··· DATASET EXCERPTS ···
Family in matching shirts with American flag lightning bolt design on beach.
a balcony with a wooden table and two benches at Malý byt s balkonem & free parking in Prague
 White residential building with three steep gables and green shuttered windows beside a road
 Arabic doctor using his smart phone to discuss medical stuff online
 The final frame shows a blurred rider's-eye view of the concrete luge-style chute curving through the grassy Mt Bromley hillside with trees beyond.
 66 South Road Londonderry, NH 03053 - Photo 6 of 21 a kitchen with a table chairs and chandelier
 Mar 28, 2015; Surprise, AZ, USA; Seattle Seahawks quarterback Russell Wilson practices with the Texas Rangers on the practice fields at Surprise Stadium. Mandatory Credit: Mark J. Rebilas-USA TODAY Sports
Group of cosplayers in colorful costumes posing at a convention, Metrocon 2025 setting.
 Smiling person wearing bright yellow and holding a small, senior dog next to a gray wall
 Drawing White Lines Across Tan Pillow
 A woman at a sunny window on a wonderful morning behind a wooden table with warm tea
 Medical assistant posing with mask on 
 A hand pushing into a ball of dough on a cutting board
···
▸ TASK ITEM: Look above for the line that holds "Drawing White Lines Across Tan Pillow", then copy it and each line after it exactly, through the last line of the data.

▸ SOLUTION FOR THIS PROBLEM:
 Drawing White Lines Across Tan Pillow
 A woman at a sunny window on a wonderful morning behind a wooden table with warm tea
 Medical assistant posing with mask on 
 A hand pushing into a ball of dough on a cutting board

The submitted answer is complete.